_Work order_
Please repeat exactly the lines below from the line with "Simple Teardrop Red Zirconia Ring" to the line with "Twisted Shank Wedding", including both, and leave out every picture.

_Data for analysis_
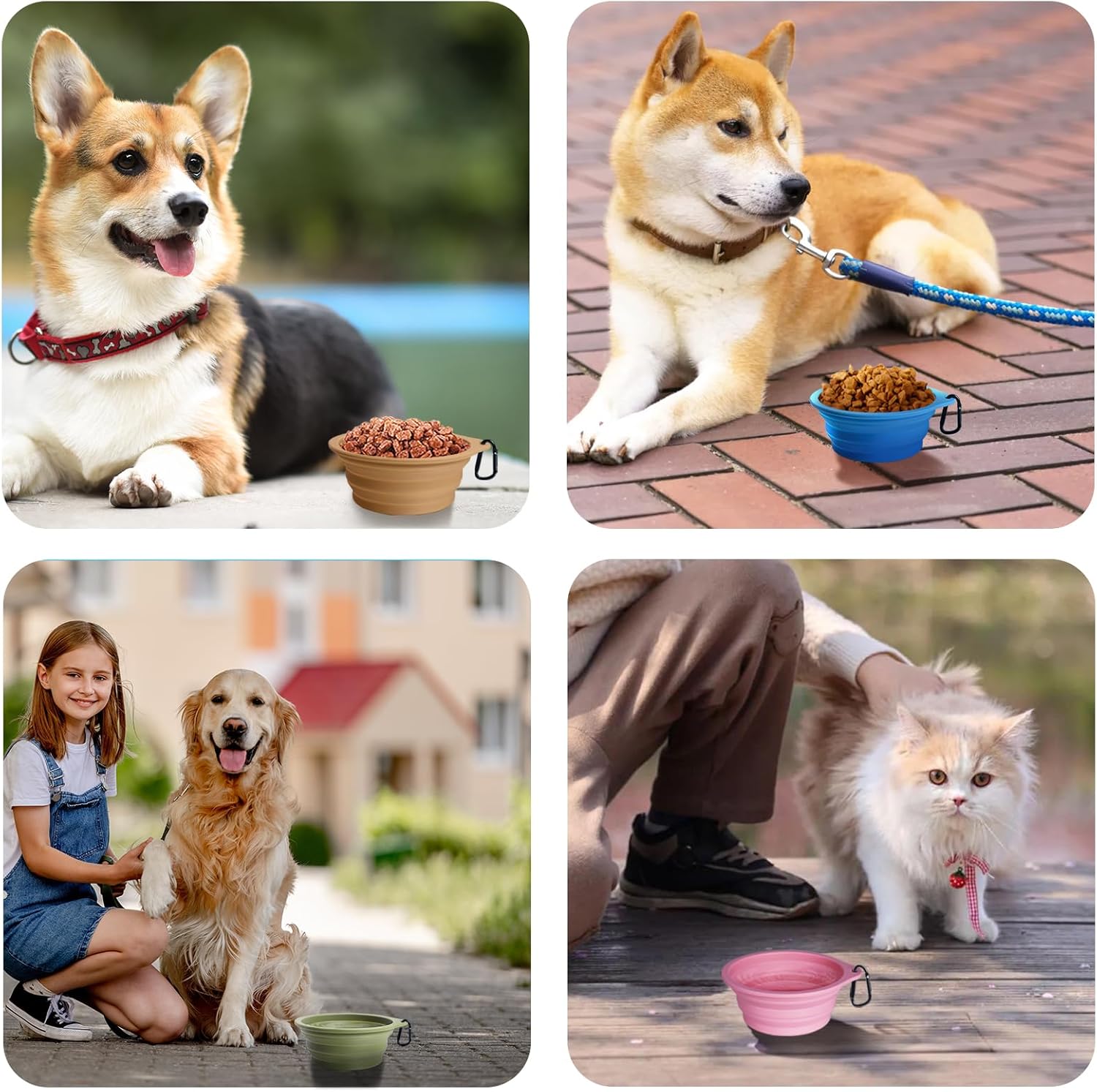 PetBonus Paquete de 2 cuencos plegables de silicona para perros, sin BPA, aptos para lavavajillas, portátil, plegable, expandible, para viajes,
==
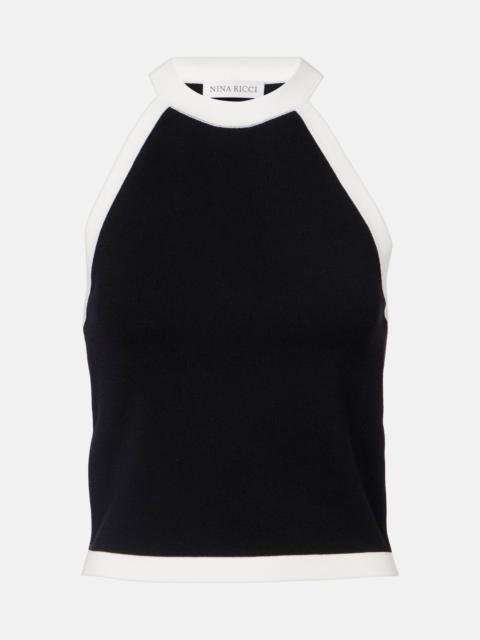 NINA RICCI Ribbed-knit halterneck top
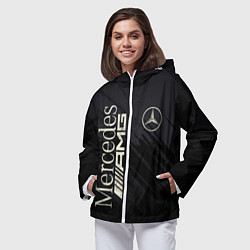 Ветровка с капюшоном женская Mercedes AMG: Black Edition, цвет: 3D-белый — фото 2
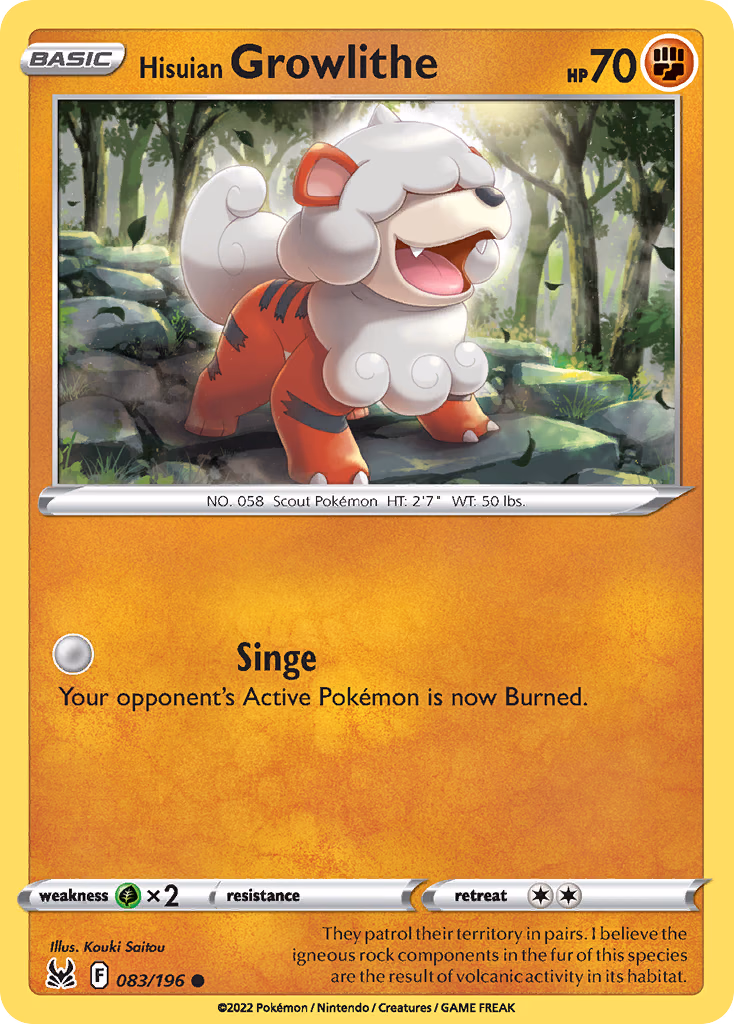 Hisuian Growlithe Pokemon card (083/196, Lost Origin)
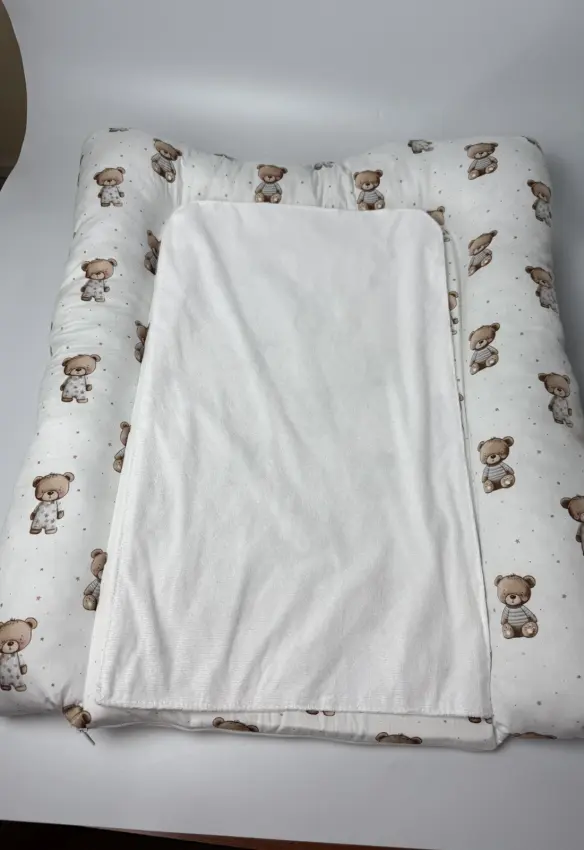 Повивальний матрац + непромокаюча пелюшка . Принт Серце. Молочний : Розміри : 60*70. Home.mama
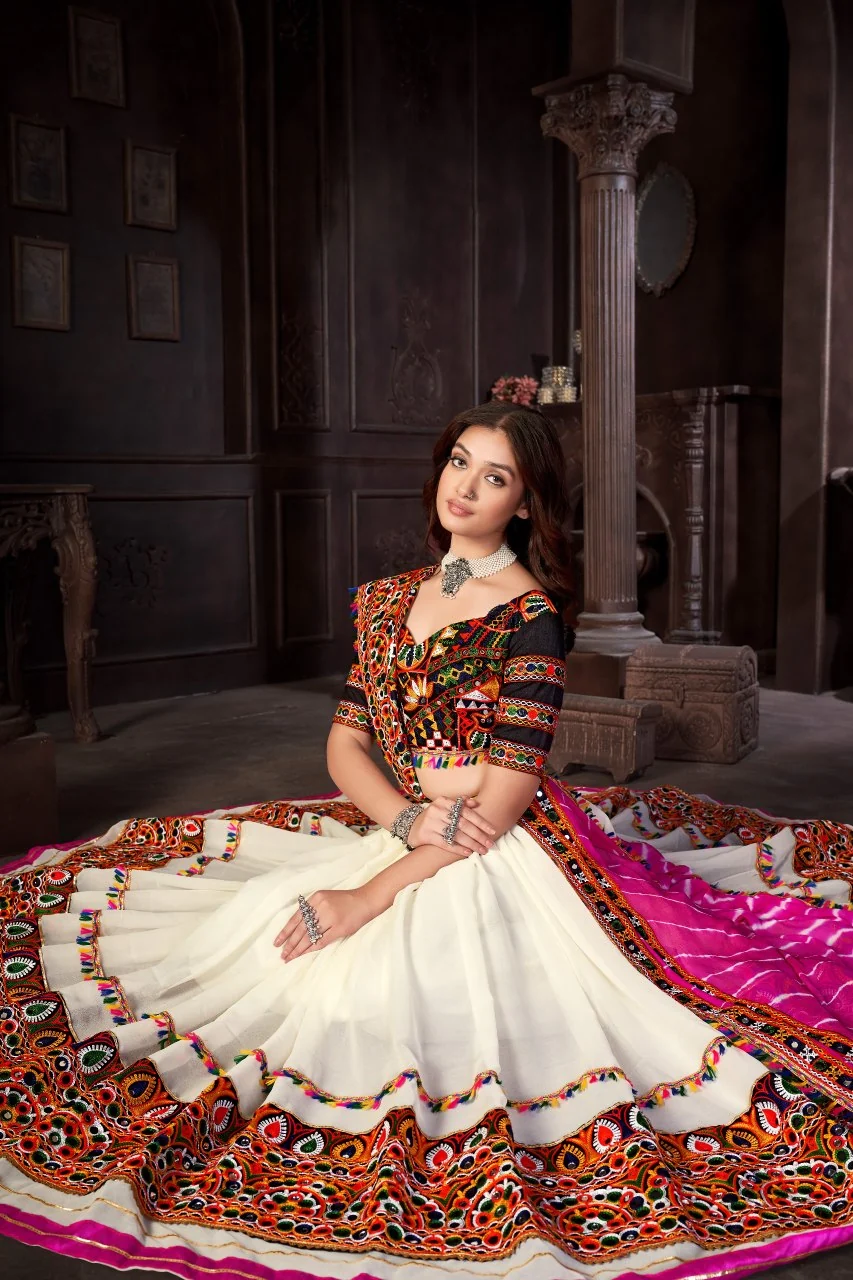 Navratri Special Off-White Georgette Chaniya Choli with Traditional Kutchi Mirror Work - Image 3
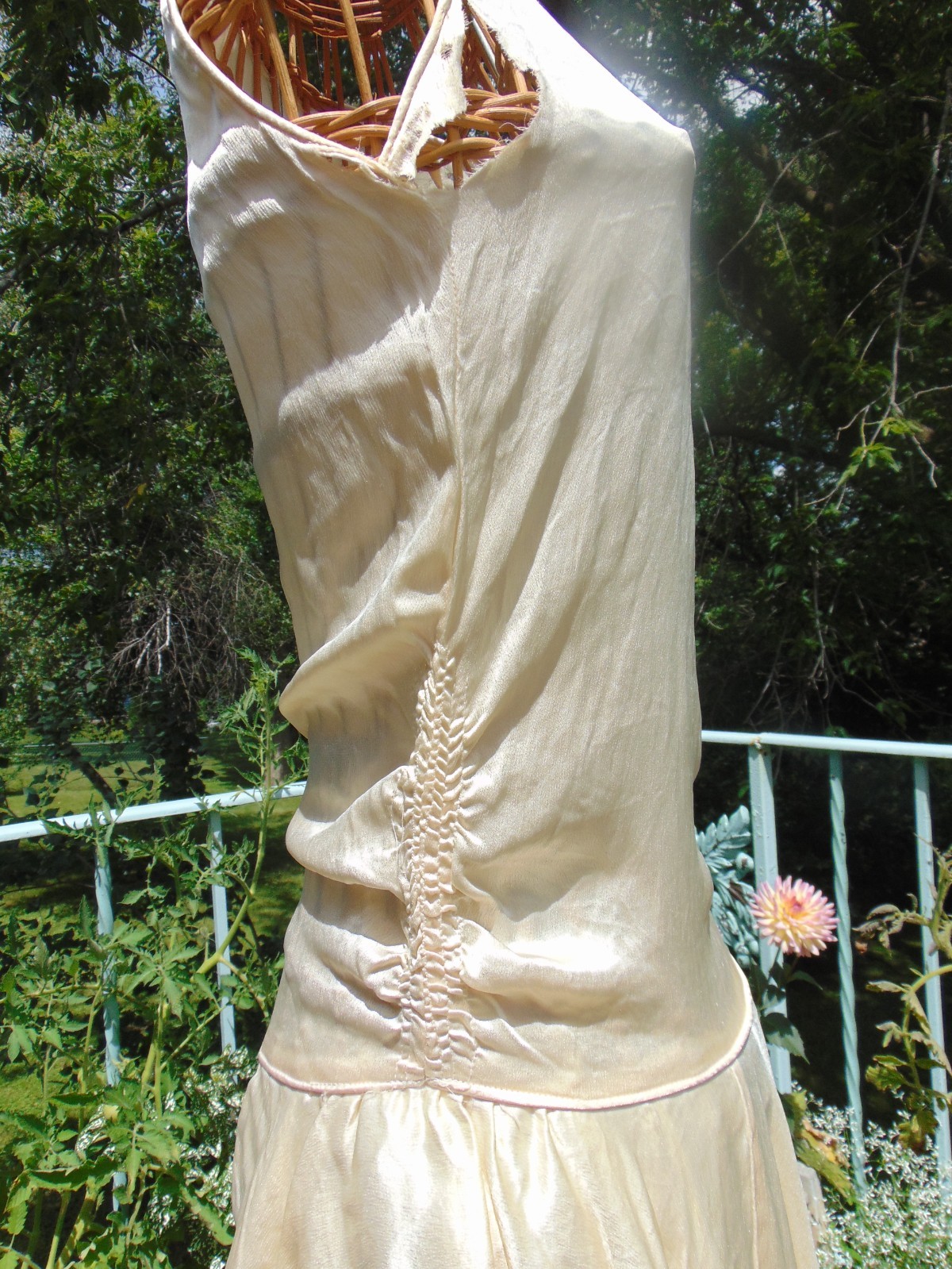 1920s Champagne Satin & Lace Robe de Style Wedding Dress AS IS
* * *
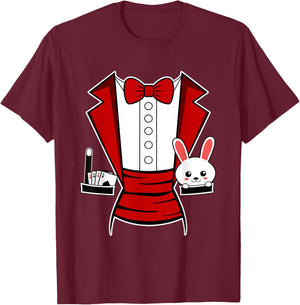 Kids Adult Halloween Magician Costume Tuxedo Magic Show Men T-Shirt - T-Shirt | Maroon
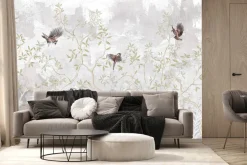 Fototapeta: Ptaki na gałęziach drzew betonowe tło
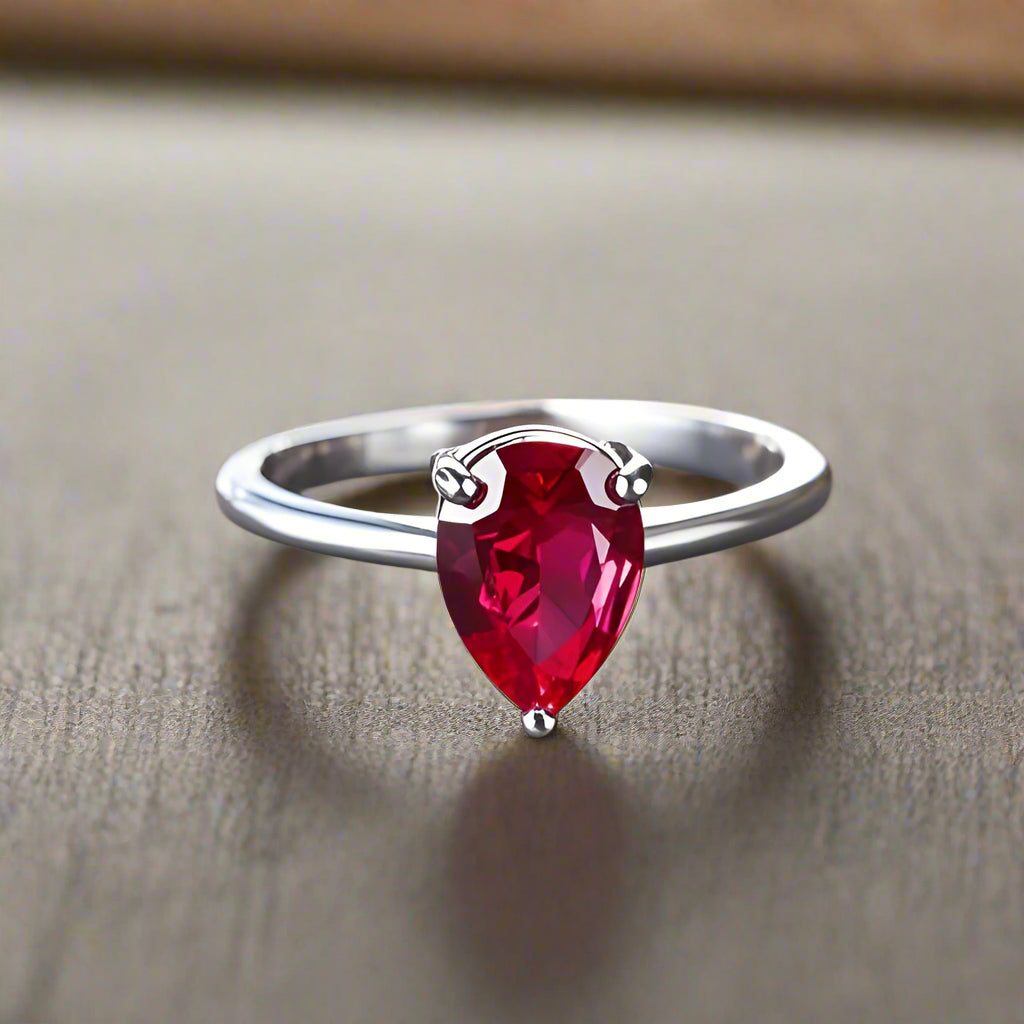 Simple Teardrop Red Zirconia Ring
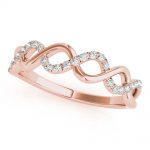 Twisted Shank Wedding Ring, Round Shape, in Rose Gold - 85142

_Result of this exercise_
 Simple Teardrop Red Zirconia Ring
 Twisted Shank Wedding Ring, Round Shape, in Rose Gold - 85142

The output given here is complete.